Gary has lectured in political and academic forums throughout Europe, South Africa, the Middle East and the U.S.A. on lessons from the Irish peace process. He has been interviewed on CNN, BBC, ITV and various radio programs. He holds a PhD in Psychology from the University of Ulster, completed his theological studies at Queens University, and a Bachelor’s in Business Studies from the University of Ulster.
Gary is a Senior Research Fellow at the Kennedy Institute for Conflict Intervention at Maynooth University in Ireland. He is an Adjunct Professor at the Candler School of Theology at Emory University in Atlanta. Gary is a faculty advisor and partner to the Harvard University program Negotiation Strategies Institute.
Director Erez Laufer has been working in the documentary world for the last 30 years internationally. He has worked on numerous projects with renowned filmmakers Chris Hegedus and D. A. Pennebaker, including on the Oscar nominated The War Room for Best Documentary (1993). He co-edited Laura Poitras’ Oscar nominated My Country, My Country (2006).
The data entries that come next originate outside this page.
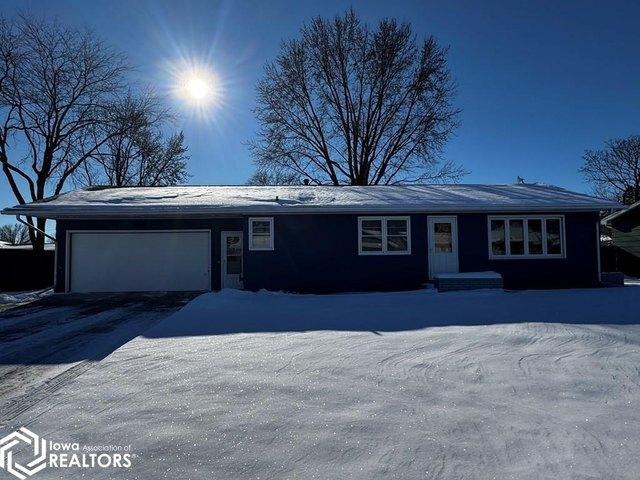 House for sale in Webster City, Iowa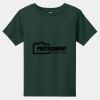 Toddler Short Sleeve Tee Thumbnail
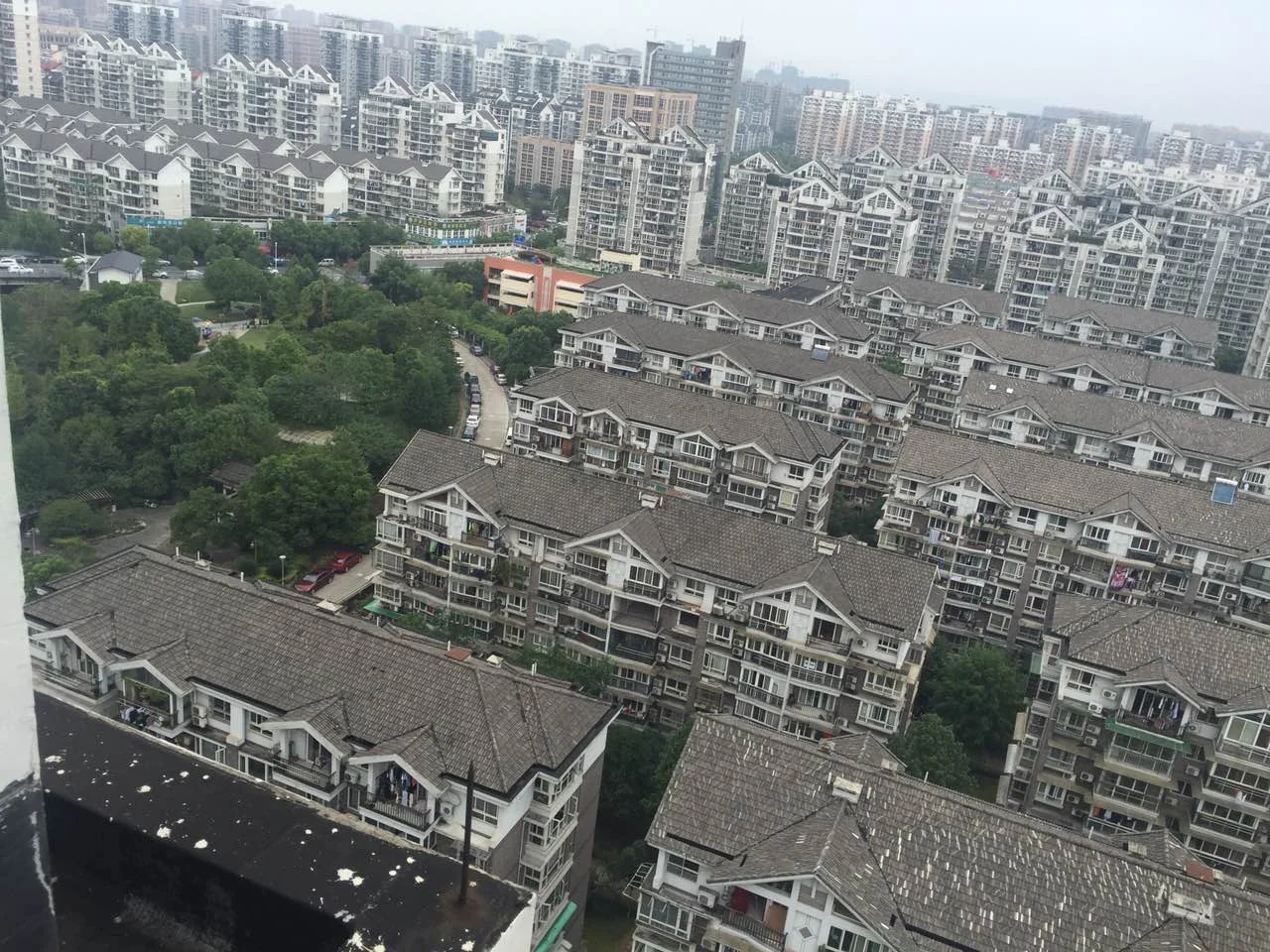 Urban Water Town - Photo 12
His latest film Rabin in His Own Words won the award for Best Documentary at Haifa International Film Festival 2015. His film Mike Brant, Laisse-Moi T’aimer was awarded the 2002 Israeli Academy Award for Best Documentary, and had its international premiere at the Directors Fortnight, Cannes Film Festival 2003. Erez was also involved with numerous international documentary film projects such as STEPS, Why Democracy? and many more.
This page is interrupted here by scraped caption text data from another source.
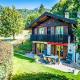 Chalet Le Coeur by Interhome, Ovronnaz (fotografie 4)
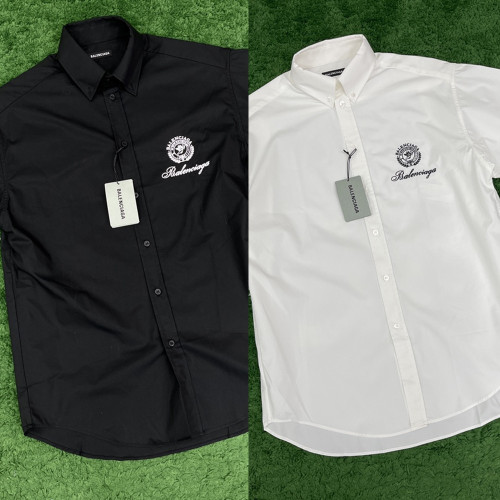 BLCG Half Sleeve Shirt Type7 (2color)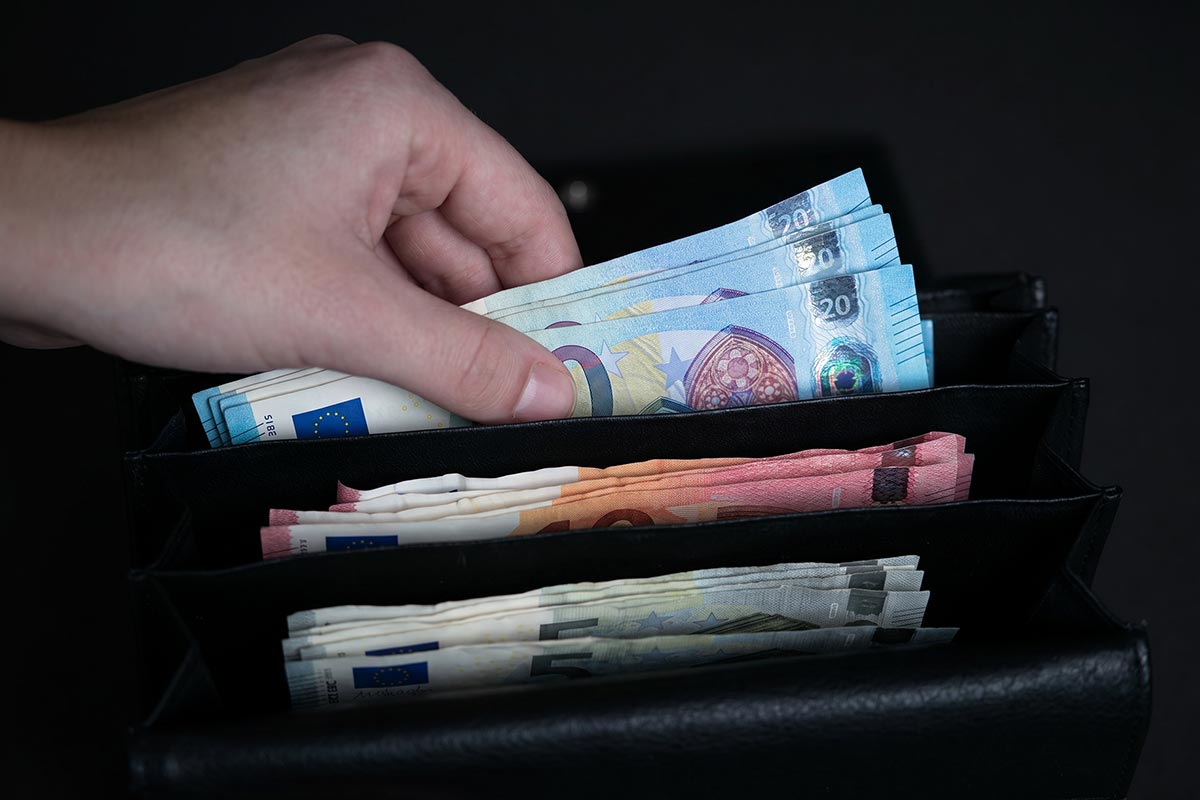 Германия снизит налоги для семей: экономия до 600 евро в год. Фото: ausnews.de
James Sebenius specializes in analyzing and advising on complex negotiations. He holds the Gordon Donaldson Professorship of Business Administration at Harvard Business School. In 1993, he took the lead in the School’s decision–unique among major business schools–to make negotiation a required course in the MBA Program and to create a Negotiation Unit (department) which he headed for several years. The Negotiation Unit grew to several full-time negotiation faculty teaching the required course to over 800 students per year as well as offering advanced dealmaking and negotiation courses to MBAs, doctoral students, and executives. The Negotiation Unit subsequently merged with the School’s Organization and Markets Unit to form a new Unit, “Negotiation, Organizations, and Markets (NOM).”
Formerly on the faculty of Harvard’s Kennedy School of Government, Jim also currently serves as Vice Chair and as a member of the Executive Committee of the Program on Negotiation (PON) at Harvard Law School. At PON, he chairs the University’s Great Negotiator Award program, which has intensively engaged with negotiators such as Richard Holbrooke, Lakhdar Brahimi, George Mitchell, and Bruce Wasserstein. He also co-directs a project (with Nick Burns and Bob Mnookin) to extensively interview all former U.S. Secretaries of State—including James Baker, George Shultz, Henry Kissinger, Madeleine Albright, Colin Powell, and Condoleezza Rice—about their most challenging negotiations.